Militarism became another threat to peace, which was derived from the existence of large armies and navies. Leaders of the great powers believed in Social Darwinist theories - basically only the fittest and strongest empires could survive. They, the leaders, thought that as long as their nation was strong and prepared for war they argued that it ensured peace. Imperialists, nationalists and the makers of armaments, militarists, all supported these arguments and so an arms race begun, mainly between Britain and Germany. Britain had always had a policy in which its navy would be twice the size of any two navies in the world put together. Germany recognised that Britain’s navy was the reason for her colonial success, so she decided to build up hers. By building her navy Germany challenged Britain and in 1900 when the second naval law called for the development of Germany’s navy Britain responded by designing a new battle ship called the HMS Dreadnought. Germany felt encircled by a coalition of hostile powers, so she built her own version of the Dreadnought - “The Rhienland”. This constant build up continued and a full-scale naval race began but by 1914 the race calmed and Britain had one with twenty-nine ships. Germany only had seventeen ships, leaving her more resentful than ever.

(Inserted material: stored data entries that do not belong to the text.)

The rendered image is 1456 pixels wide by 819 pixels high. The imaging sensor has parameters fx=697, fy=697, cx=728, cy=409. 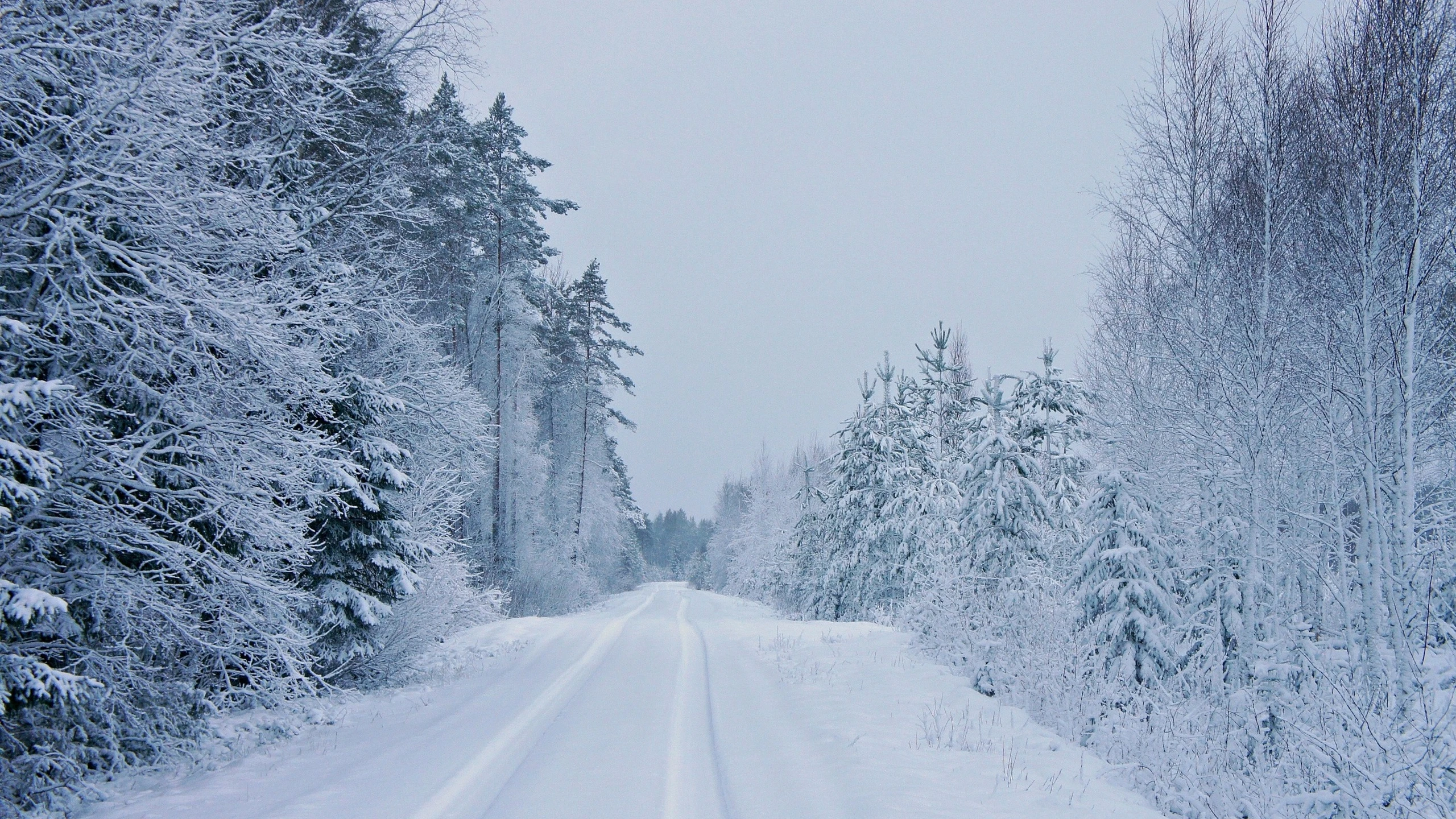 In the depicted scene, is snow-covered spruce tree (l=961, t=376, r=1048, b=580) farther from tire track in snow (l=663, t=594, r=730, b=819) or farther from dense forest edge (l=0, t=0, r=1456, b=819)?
tire track in snow (l=663, t=594, r=730, b=819)

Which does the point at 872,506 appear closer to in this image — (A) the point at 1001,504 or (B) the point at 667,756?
(A) the point at 1001,504

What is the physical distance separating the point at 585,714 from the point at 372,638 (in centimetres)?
377

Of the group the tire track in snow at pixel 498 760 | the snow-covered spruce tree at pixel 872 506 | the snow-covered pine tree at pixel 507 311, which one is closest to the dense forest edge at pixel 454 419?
Answer: the tire track in snow at pixel 498 760

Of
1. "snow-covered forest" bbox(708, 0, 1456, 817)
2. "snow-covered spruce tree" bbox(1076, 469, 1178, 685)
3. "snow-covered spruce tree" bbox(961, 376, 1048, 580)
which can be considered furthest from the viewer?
"snow-covered spruce tree" bbox(961, 376, 1048, 580)

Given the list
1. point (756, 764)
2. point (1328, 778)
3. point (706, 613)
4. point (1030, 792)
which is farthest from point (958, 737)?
point (706, 613)

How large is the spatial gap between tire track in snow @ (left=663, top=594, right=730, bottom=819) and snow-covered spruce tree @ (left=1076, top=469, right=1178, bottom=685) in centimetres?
562

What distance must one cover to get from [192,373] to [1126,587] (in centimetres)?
1181

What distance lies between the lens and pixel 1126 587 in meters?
10.3

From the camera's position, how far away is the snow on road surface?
5.35 meters

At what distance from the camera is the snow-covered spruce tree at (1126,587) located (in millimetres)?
10258

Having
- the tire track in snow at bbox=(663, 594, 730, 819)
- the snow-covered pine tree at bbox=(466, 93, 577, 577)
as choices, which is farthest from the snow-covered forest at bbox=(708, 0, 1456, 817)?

Having large armies and navies however, was not enough, nations also sought to increase their strength by gaining alliances. These alliances were dangerous though because they made Germany feel encircled and the created fear and suspicion. Because of alliances a small feud between 2 nations could pull in all their allies and start a large-scale war. Austria-Hungary for a long time had wanted to attack Serbia because she felt that it was becoming a threat and controlling too much land. However, she could not as although Serbia was a small nation she had control over Russia’s support through an alliance. Serbia as a nationalist nation, assassinated the heir to the Austro-Hungarian Empire because they wished to assert themselves as independent and wanted Austria-Hungary’s southern Slavic states. This finally gave Austria-Hungary an excuse to attack Serbia and the militaristic Germany gave them a blanc cheque, allowing Austria-Hungary to do anything. This was a very dangerous and possibly foolish move by Germany as it allowed Austria-Hungary to practically control the large German army.
The combination of a nationalist Serbia, the old domineering and greedy empire of Austria-Hungary, an imperialistic and militarist Germany and the system of alliances all brought the assassination of Franz Ferdinand and the Austro-Hungarian attack on Serbia drawing in all the allies into a full-scale war. Imperialism, nationalism,I militarism, the system of alliances and the assassination of Franz Ferdinand were some of the topics covered in the informative video and all adjoined together to help me understand the origins of World War One.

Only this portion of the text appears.